Investment Returns v Time

I find it fascinating that there are so many different ways to calculate financial returns. Some people look at returns differently.

From gross yield to infinite returns, IRR, ROCE, ROE, ROI etc.

ROI, or Return On Investment, comes up often, especially in property conversations, which is something we spend a fair bit of time having.

But very few people discuss ROTI, or Return On Time Invested.

You might consider time when you start a new job and wonder, is this worth my time. Your salary and benefits would be your return on your time invested at a job. Though, if you were told the job would be 35 hours a week and you regularly work 70 hours, your ROTI would be half what you thought it would be.

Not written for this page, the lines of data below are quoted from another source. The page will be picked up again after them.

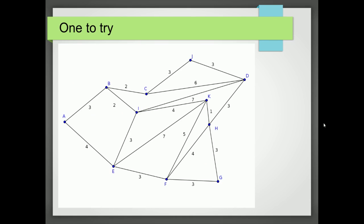Here's one for you to try — see how you go. Discuss the answer with your friends and share the weights that you get. I hope you've found this tutorial helpful.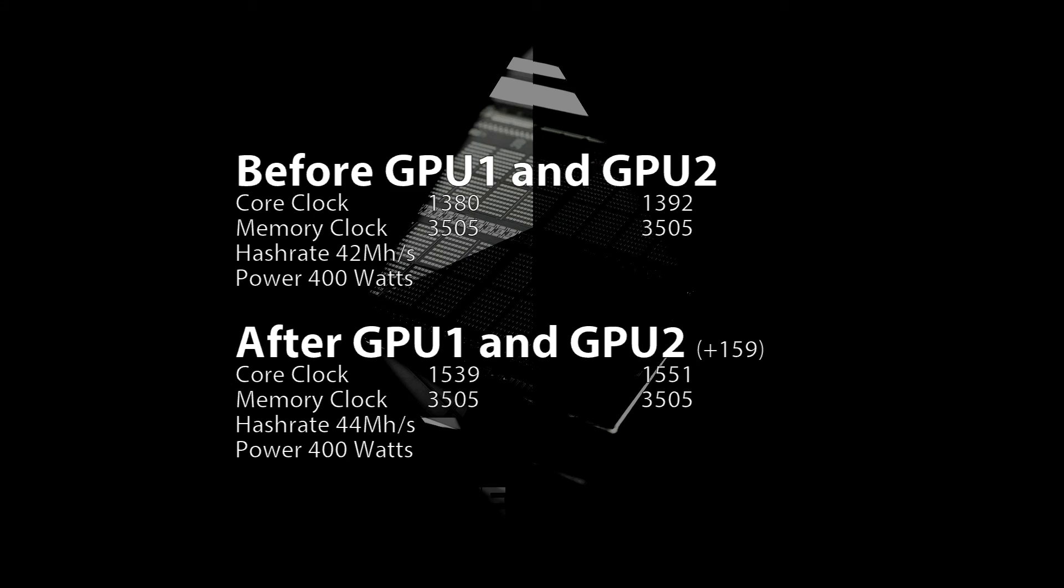That is a very good improvement of 2 megahashes per second. The power consumption is exactly 400 watts still, so we have a little bit more profit at the end of the month.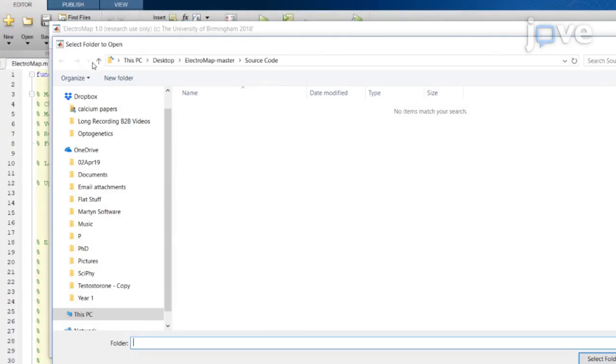Next, to load the image, press select folder and navigate to the location of the data file or files to be analyzed. Select the file to be loaded from within the interface and press load images.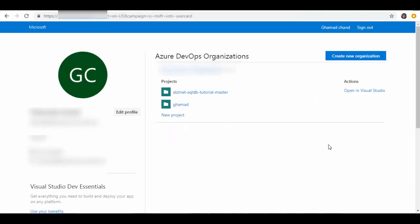Hi friends, welcome to this session. Today we'll see how you can have your local project on your laptop which you are creating using Visual Studio 2017, and then you want to push it to Azure DevOps at some point of time.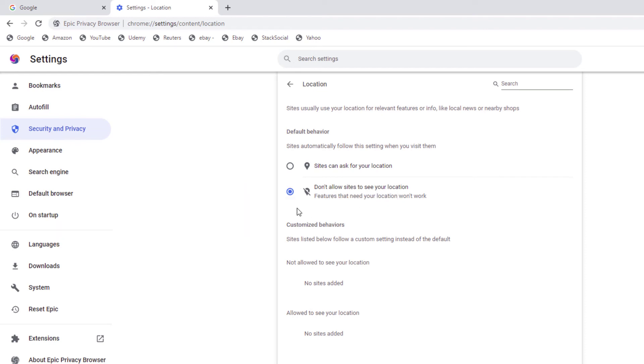So this is how you enable or disable sites from seeing your location.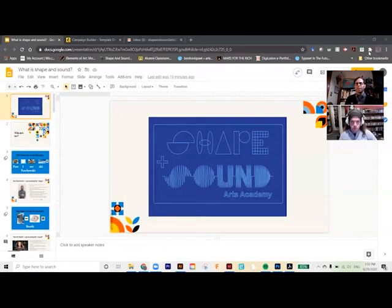Should we just get into it? All right, this is our presentation about the Shape and Sound Arts Academy. We have something prepared that we're going to go through to teach everybody all about it. I'm going to share my screen and we're going to figure out some stuff here.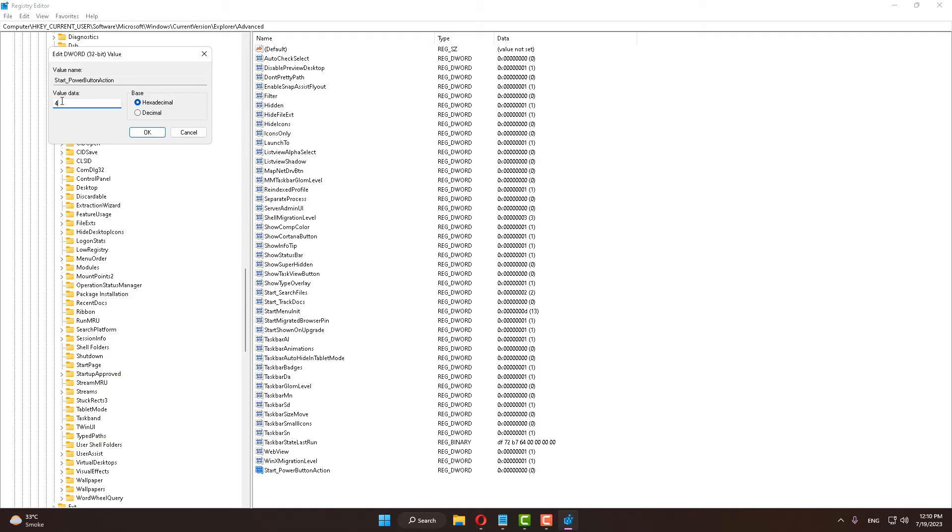user, and 1 is sign out. So I select 4 for restart, click OK, and close the Registry Editor.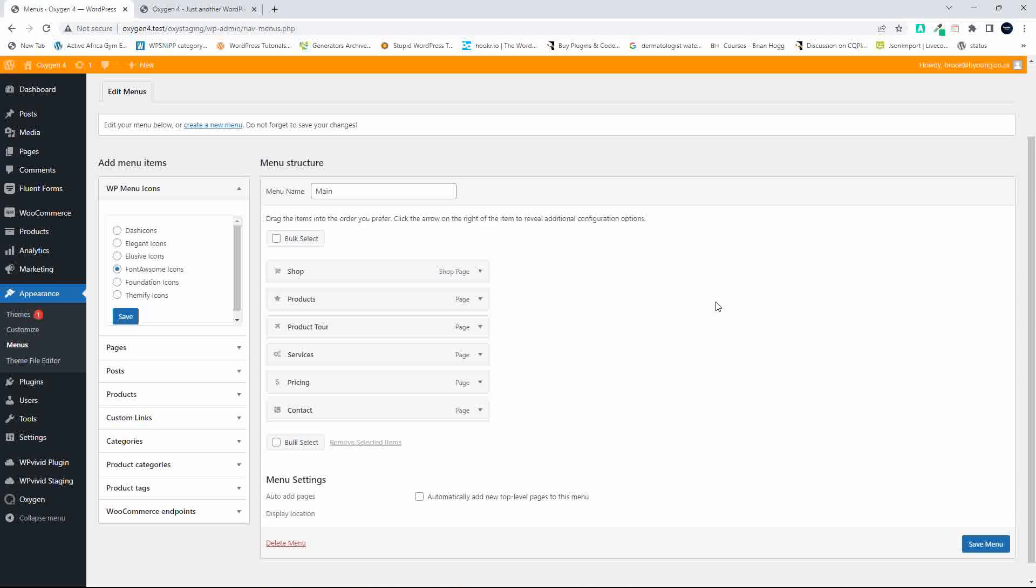In the backend, you'll see that here I have the menu icons, and on the right-hand side, here I have my menu items with the icons.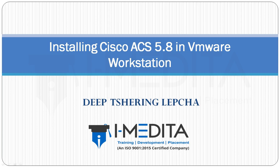Hello guys, my name is Deep Tshering Lepcha. On behalf of the entire iMedita family, I would like to welcome you to the short video tutorials.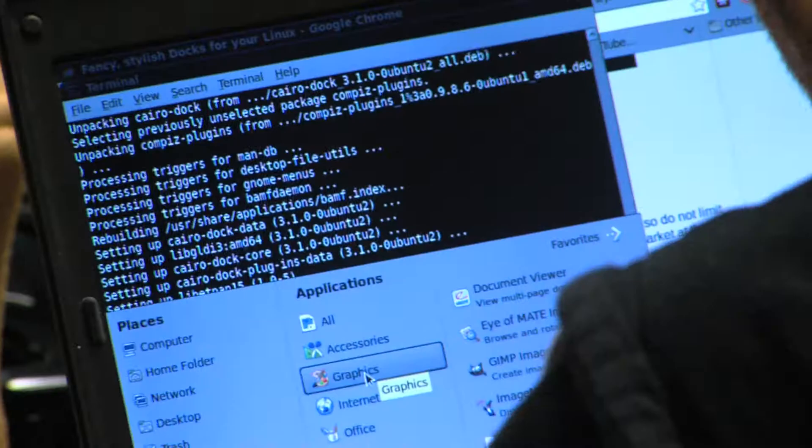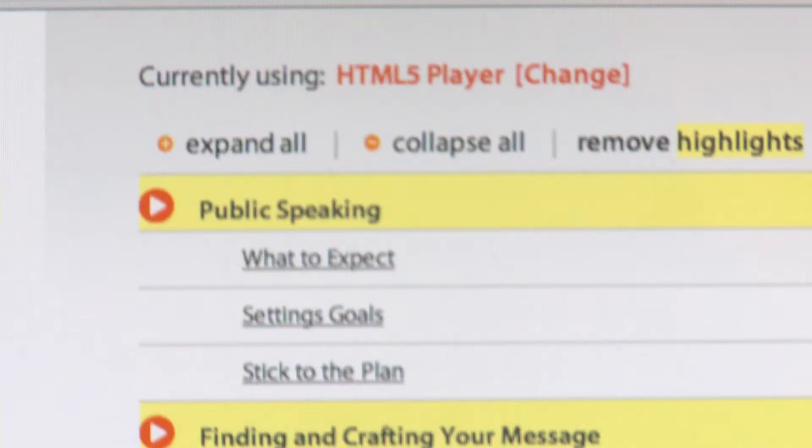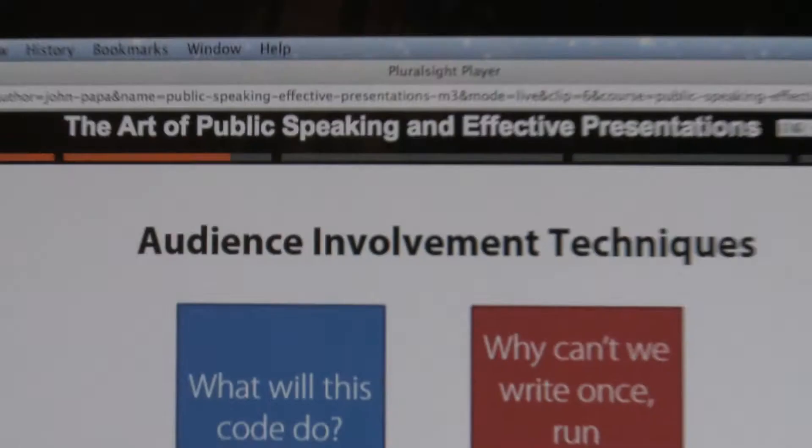My name is John Papa and I'm with Pluralsight. I'm going to share with you presentation techniques so you can tell your story, engage your audience, and inspire them to act.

If you are an entrepreneur, your ROTI can be a little discouraging in the first couple of years as you might work very long hours while planting the seeds for your business, and not getting much back in return.

As you don’t know how much time you’ll have in this life, before it’s all over, and you can’t get any more of it, you are best to allocate or spend every minute wisely.

By the way, your returns don’t have to be measured strictly in financial terms when measuring ROTI. The returns you get might be the joy of spending great moments with your family, spouse, kids, parents, friends, etc.

So when you consider your financial return on investment, also consider your ROTI. What you may have to give up in time, to achieve certain returns, may not make the investment worthwhile.